Es wird keine .csv Datei auf der SD-Karte angelegt.

Ich kann mit Filezilla auf die Karte zugreifen sie ist mit FAT32 formatiert.
Der Datenlogger hat den richtigen Pfad (soweit ich es richtig verstanden habe)
Der Baustein gibt auf dwStatus eine 999 aus
Auf der Visu wird immer dieser rote Balken mit FILE ERROR.logging faild angezeigt.

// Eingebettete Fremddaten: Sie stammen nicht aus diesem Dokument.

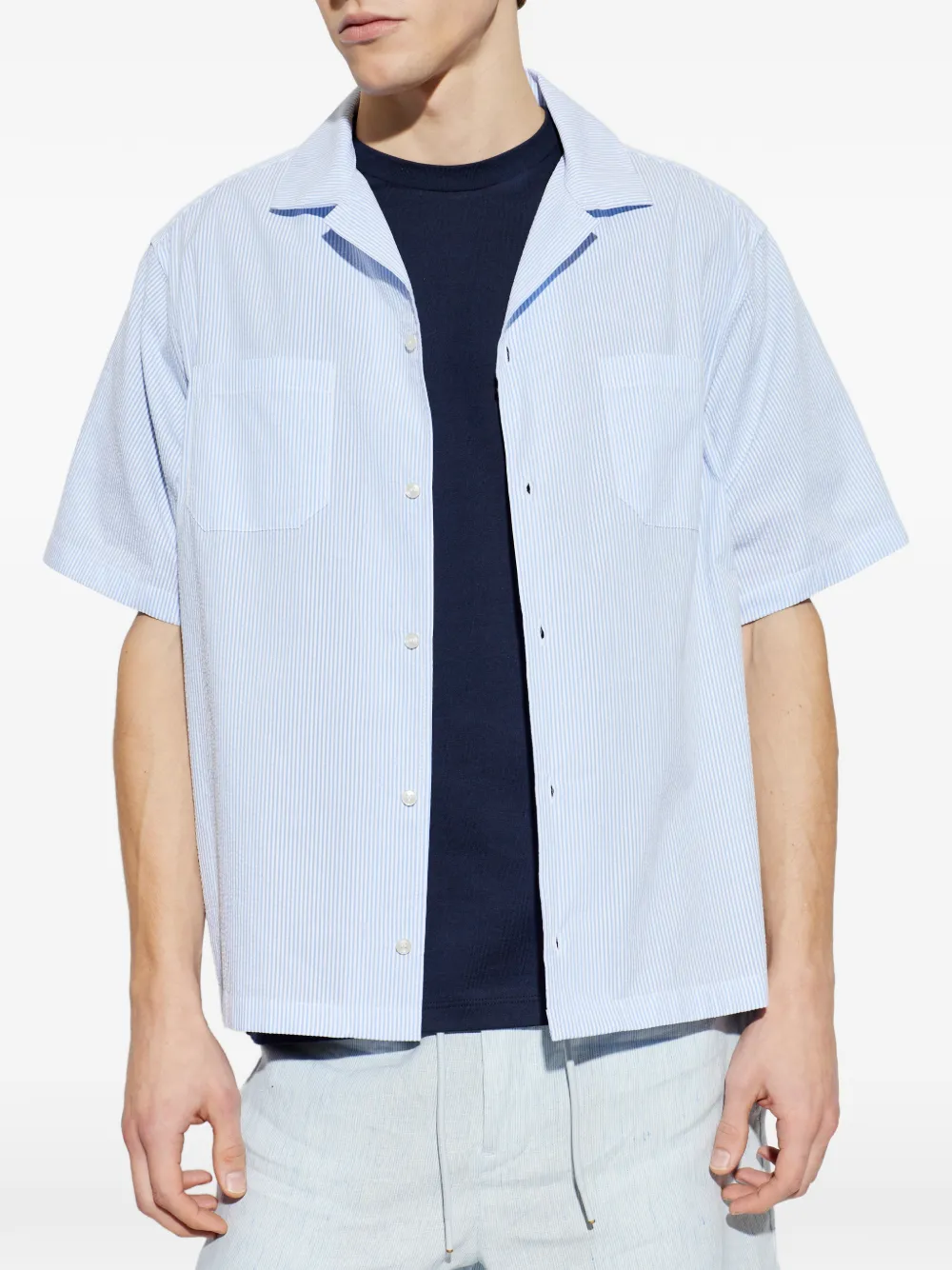 Paul & Shark Gestreept overhemd met zak Blauw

In der Channel Visu werden in jeder Zeile immer die gleihen Uhrzeiten angezeigt habt ihr da vielleicht auch einen Tip? 
Vielleicht hängt auch alles zusammen.


Vielen Dank im Voraus

Gruß

Dimi


----------



## Oberchefe (17 Oktober 2022)

beim 880er Controller ist der Pfad der SD-Karte 's:\'
dürfte bei deinem gleich sein?


----------



## Oberchefe (17 Oktober 2022)

> 999 – Wenn die Datei nicht geöffnet oder erstellt werden kann (meist aufgrund eines
> unerwarteten Aussteckens des Speichermediums, eines fehlerhaften
> Dateipfads und/oder Dateinamens), wird eine Meldung in der CODESYS-
> Visualisierung angezeigt. Dabei läuft die Funktion ohne den Schreibvorgang
> ...


----------